Several cities targeted by postal strike

Striking postal workers are targeting several towns and cities across the country as part of their ongoing dispute with Canada Post.

Mail volume drops by 50 per cent following strike action

Canada Post trucks remain parked in Calgary as rotating strikes hit the city and Edmonton on Wednesday. (Mary-Catherine McIntosh/CBC News)

Striking postal workers are targeting several towns and cities across the country as part of their ongoing dispute with Canada Post.

Cities and towns targeted

Labrador City, Labrador 

Acadie-Bathurst, New Brunswick

Summerside, P.E.I. 

Ste.Therese, Quebec

Ste Jerome, Quebec

Thunder Bay, Ontario

Hearst, Ontario

Brantford, Ontario

St.
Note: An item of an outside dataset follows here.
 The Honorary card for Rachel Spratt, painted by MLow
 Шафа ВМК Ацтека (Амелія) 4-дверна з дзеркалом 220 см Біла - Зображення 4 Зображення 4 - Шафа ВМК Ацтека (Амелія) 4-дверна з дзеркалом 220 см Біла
Thomas, Ontario

Flin Flon, Manitoba

Vernon B.C



More than 800 postal workers in seven provinces and two territories hit the picket lines at 11:30 pm ET on Wednesday as part of 24-hour rotating strikes.
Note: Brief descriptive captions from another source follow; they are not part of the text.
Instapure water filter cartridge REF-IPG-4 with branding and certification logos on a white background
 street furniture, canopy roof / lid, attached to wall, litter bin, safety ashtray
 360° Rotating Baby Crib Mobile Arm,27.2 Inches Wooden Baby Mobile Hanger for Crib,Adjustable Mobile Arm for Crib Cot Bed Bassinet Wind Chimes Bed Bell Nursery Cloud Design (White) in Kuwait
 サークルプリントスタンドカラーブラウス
Earlier, Canada Post said it will reduce staffing levels at its mail sorting plants across the country to adjust to lower volumes since rotating strikes began.
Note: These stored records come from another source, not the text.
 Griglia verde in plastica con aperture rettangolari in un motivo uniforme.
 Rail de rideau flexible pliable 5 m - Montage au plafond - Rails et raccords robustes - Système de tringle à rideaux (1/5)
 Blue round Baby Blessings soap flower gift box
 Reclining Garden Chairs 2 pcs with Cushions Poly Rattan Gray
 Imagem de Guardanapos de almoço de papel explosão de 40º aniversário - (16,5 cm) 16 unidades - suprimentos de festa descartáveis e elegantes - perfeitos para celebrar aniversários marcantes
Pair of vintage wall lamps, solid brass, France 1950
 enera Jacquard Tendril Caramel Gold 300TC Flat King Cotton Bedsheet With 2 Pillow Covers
Some Canada Post services will also be reduced. Delivery of letters and admail will be reduced to three days a week — Monday, Wednesday and Friday — in most cities served by Canada Post carriers.

Most small packages and documents will also be delivered three days a week, although Canada Post says it will try to deliver priority items five days a week.

The Crown corporation's announcement didn't say how many jobs will be affected or where the cuts will come.

The announcement comes as Calgary and Edmonton were the latest targets in the revolving postal strike.

The Alberta walkouts began at 10 p.m MT in Edmonton and 9 p.m MT in Calgary Tuesday night. 

"The reason why Alberta was chosen is because in the past years we've had serious issues dealing with the employer with respect to staffing here and the level of forced overtime that letter carriers have been having to work," said Bev Ray, Edmonton Canadian Union of Postal Workers local president.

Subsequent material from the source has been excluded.